Reading some "conservative" responses to Perry this morning - cheering him when he seemed to me to be throwing away any chance in a general election - it occurred to me they're protesting too much. They fear her too. Imagine a long primary campaign in which she tears apart the base and the establishment, wins and is unelectable or loses and runs as a Tea Party candidate instead. No Palin scenario is good for the GOP. Which is why they are quietly trying to strangle her candidacy (et vos, Ann and Laura?) before it can even begin.
Look, she may run, because she's crazy, but I think she won't, because she wants to maintain the fiction that she could be president and won't dare to reality-test that out of fear of the likely result.

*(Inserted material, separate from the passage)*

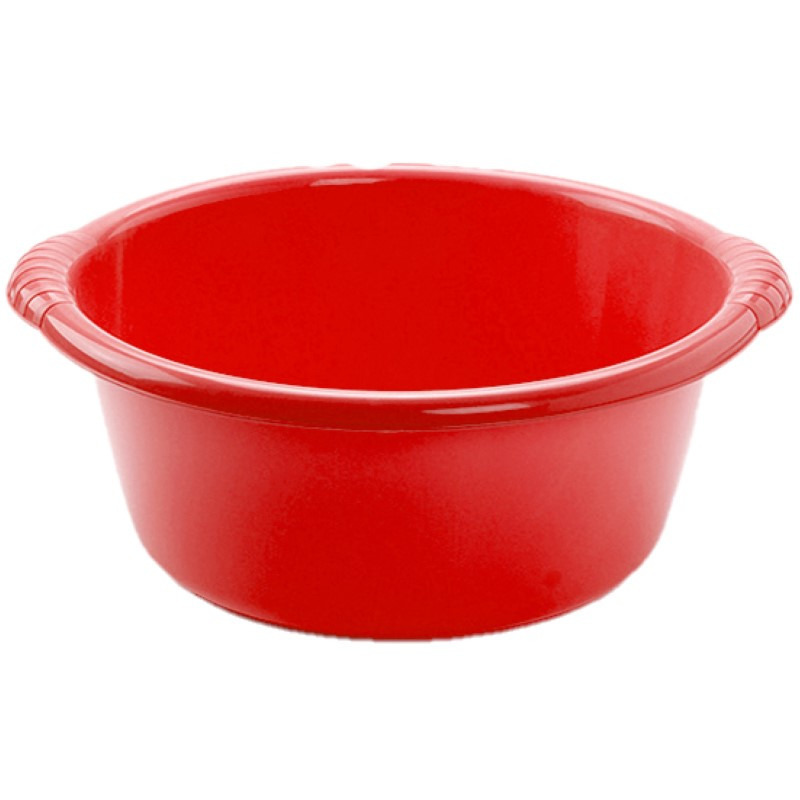Set van 2x stuks kunststof teiltjes-afwasbakken rond 10 liter rood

The only person in Bernstein's list who might possibly have a plausible reason to regret staying on the sidelines is Jeb. He's got a lot going for him: the "executive experience" thing from his years as governor, the Jesus thing, a bit of an angry edge (you have to have that), and his name, which would be a delightful screw-you to us dirty liberals. Chris Christie might also be welcome (though his recent support for Muslims and evolution could hurt him). But the voters are increasingly satisfied with the field, and I imagine even the ones who might be a tad concerned about Perry's electability want someone with more of a nasty edge than Thune, Daniels, Barbour, or Huckabee -- and if they're worried about electability, why the hell consider Palin? Forget it -- I think thew field is complete, or, at most, Palin will enter and flop.